Quel est le plus gros risque que vous ayez pris dans votre carrière ?
Melvil Poupaud
: Je n'ai pas l'impression d'avoir pris de risque. J'ai fait des films qui étaient des aventures, où je ne savais plus trop où j'allais. Notamment avec un metteur en scène qui s'appelle Charles de Meaux et pour un film chinois, où je devais parler mandarin. C'était un gros risque que je n'avais pas mesuré puisque c'est impossible de parler mandarin quand ce n'est pas notre langue maternelle ! C'était si rocambolesque que j'ai écrit un bouquin pour raconter le délire de ce tournage : Voyage à Film City. Je choisis toujours de bons metteurs en scène et alors le risque devient minime. J'essaie d'avoir un rapport sain avec eux, en espérant qu'en retour, ils me traiteront bien. Je n'aime pas les rapports malsains dans le travail ou la confrontation. Le risque que je prends, c'est de faire confiance.

Puisque Les jeunes Amants aborde le sujet du regard de la société, avez-vous déjà senti que l'on vous mettait dans une case ?
Melvil Poupaud
: Quand j'étais plus jeune, on me voyait comme le jeune premier romantique, le ténébreux Parisien. Ça ne m'a pas plu, donc je m'en suis détaché. Je me disais que ça n'allait durer qu'un temps et qu'est-ce que j'allais devenir une fois que je ne serais plus le jeune premier? Comédien, c'était plus important pour moi qu'un simple emploi. Si on veut faire une longue carrière, il faut être capable d'accepter de changer physiquement, de vieillir. Il ne faut pas se contenter d'un rôle un peu facile, que l'on maîtrise et auquel les gens aiment bien nous cantonner. J'ai pris exemple sur certains modèles comme Michel Piccoli ou Marcello Mastroianni. Assez vite, j'ai voulu m'émanciper de l'idée que l'on se faisait de moi.
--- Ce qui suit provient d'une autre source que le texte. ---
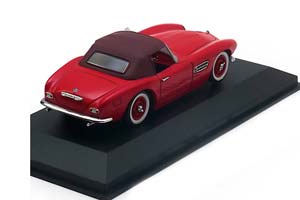 BMW 507 CABRIO WITH SOFTTOP RED DARKRED — фото 2
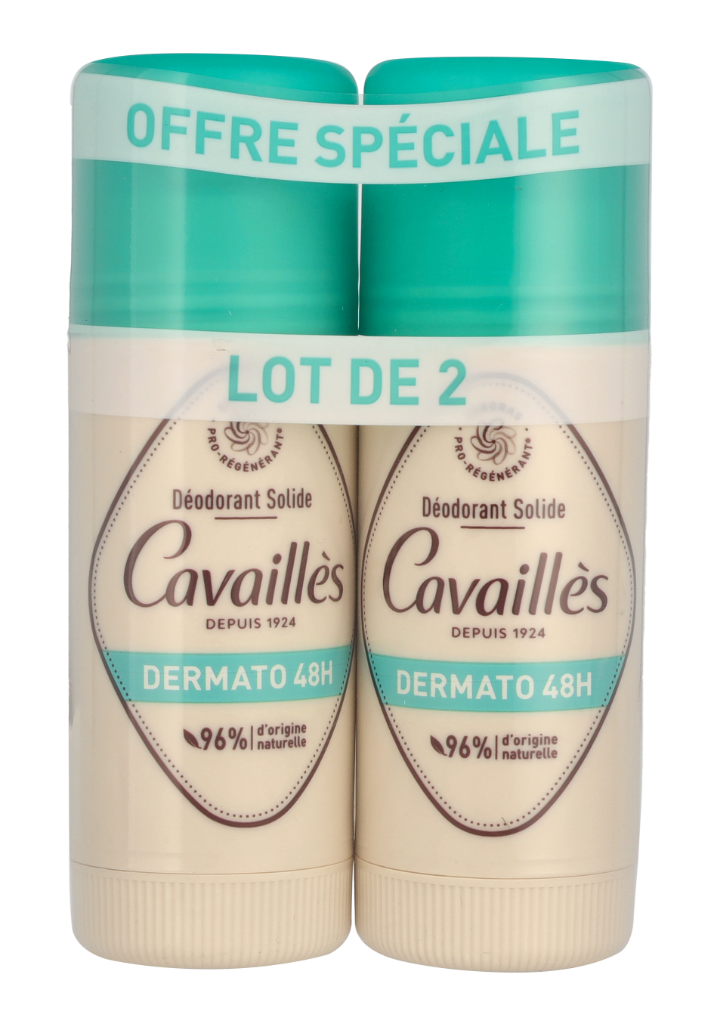 Roge Cavailles Dermato 48H Deo Stick Duo 80 ml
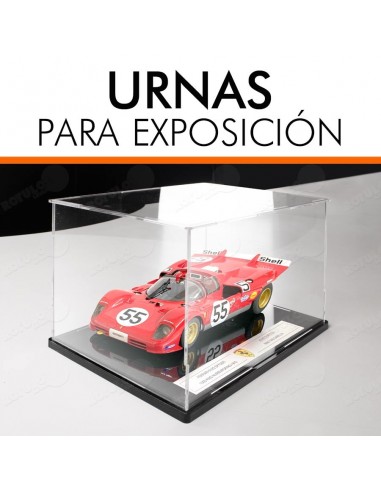 URNA METACRILATO EXPOSICION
Melvil Poupaud dans "Les Jeunes Amants" © TAMALET CHRISTINE - Diaphana Distribution

Ce qui vous animait au début est-il resté intact ?
Melvil Poupaud
: J'avoue que ça a évolué. Quand j'étais petit, je voyais les metteurs en scène comme des demi Dieu, j'avais une espèce de fétichisme de l'artiste. En vieillissant et en travaillant avec des réalisateurs plus jeunes ou du même âge que moi, je réalise que c'est une collaboration. Je me suis détaché de la grande figure paternelle qui maîtrise tout face à moi, employé. Aujourd'hui, je me dis que je peux aussi amener quelque chose à un personnage ou à un réalisateur avec mon expérience. Je sacralise moins le rôle du cinéaste. Le fait de faire des séries, pour TF1 et Canal +, m'a fait voir autre chose qu'un film d'auteur, où le metteur en scène écrit, réalise et dirige tous les paramètres. C'est d'avantage un travail d'équipe, avec un rôle dans lequel je me sens à l'aise et où j'ai l'impression de pouvoir amener quelque chose.
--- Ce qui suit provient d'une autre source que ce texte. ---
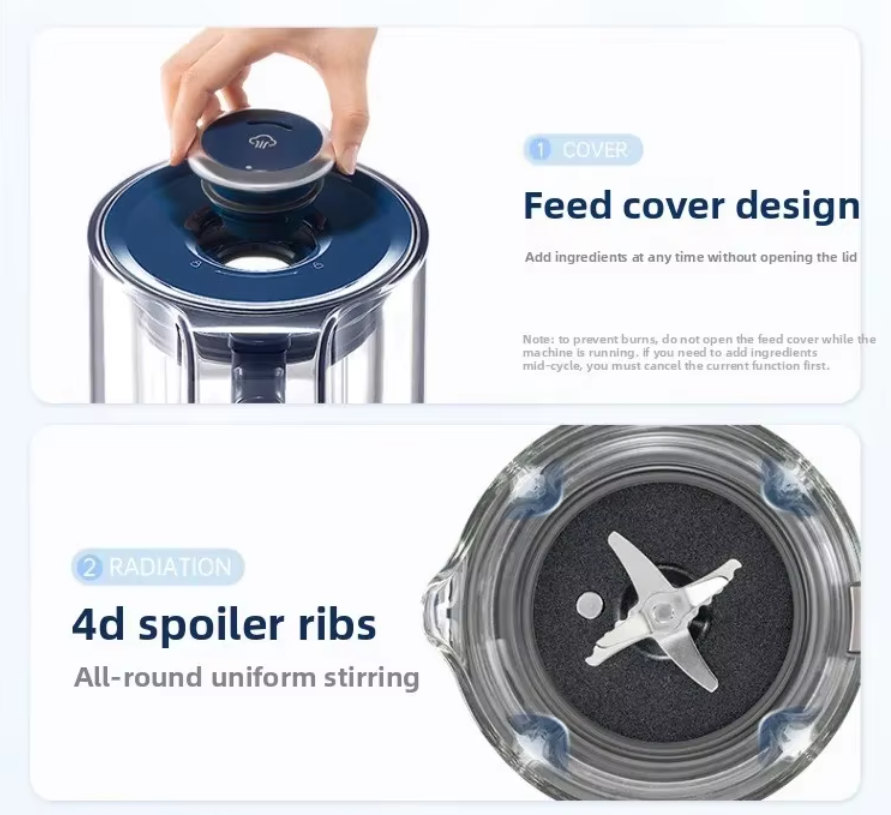 Baby Food Blender - モーフィーリチャーズ 220V 静音多機能ブレンダー豆乳メーカー ジューサー ベビーフードミキサー 自動家庭用電化製品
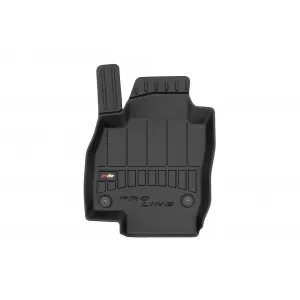 Mănuși de cauciuc specifice, potrivite pentru Volkswagen Polo VI, Seat Ibiza, Seat Arona după 2017, Skoda Fabia după 2021, set de 4 piese, culoare neagră, cu garanție de 24 de luni-image-6221054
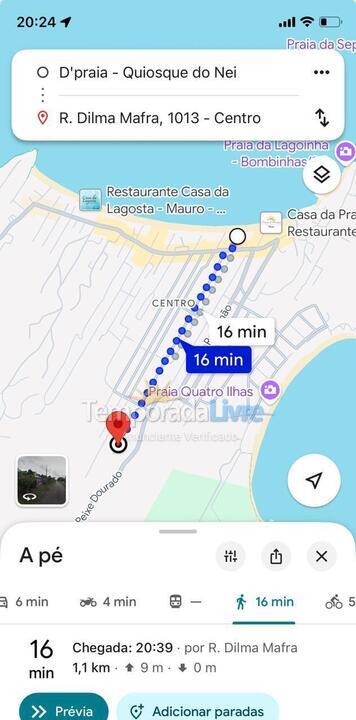 House for vacation rental in Bombinhas (Bombinhas Centro)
Pour OVNI(s), dont la saison 2 arrive sur Canal +, on vous découvre un talent comique en directeur du bureau chargé d'analyser les phénomènes aérospatiaux non-identifiés…
Melvil Poupaud
: Didier Mathure est un personnage que j'adore incarner parce qu'il est à la fois drôle, sûr de lui et capable de partir en vrille. Il est à la fois élégant, pathétique et ridicule. Je n'ai pas fait beaucoup de comédie pour le cinéma et il me donne accès à des scènes burlesques, avec sa gestuelle particulière, sa moustache, ses costumes seventies... C'est un des rôles que j'ai le plus de plaisir à jouer et j'espère que ça durera encore longtemps.
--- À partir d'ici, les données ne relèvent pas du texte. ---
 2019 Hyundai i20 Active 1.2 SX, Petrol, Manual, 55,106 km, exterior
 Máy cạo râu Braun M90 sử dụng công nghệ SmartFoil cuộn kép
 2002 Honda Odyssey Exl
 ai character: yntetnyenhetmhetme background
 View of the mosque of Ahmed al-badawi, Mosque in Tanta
Le plaisir est-il plus fort quand vous jouez la comédie que le drame ?
Melvil Poupaud
: C'est différent. Je viens de faire un film avec Arnaud Desplechin beaucoup plus dramatique. Ce n'était pas du plaisir immédiat parce que les scènes sont très intenses et qu'il demande beaucoup à ses acteurs, mais il y avait une satisfaction, surtout à la fin, d'avoir accompli quelque chose d'important dans ma carrière. Le plaisir c'est compliqué, dans la vie en général et à fortiori sur un plateau: on ne sait jamais trop à quel moment on en prend. Peut-être avant, quand un metteur en scène vous appelle en vous disant "je pense à toi pour mon prochain film". Pendant le tournage, on ne pense pas à soi. Ce n'est pas comme pour la musique, où le plaisir est immédiat.

Qu'est-ce qui vous pousse à continuer ?
Melvil Poupaud
: Peut-être que je cours après ce plaisir fantôme...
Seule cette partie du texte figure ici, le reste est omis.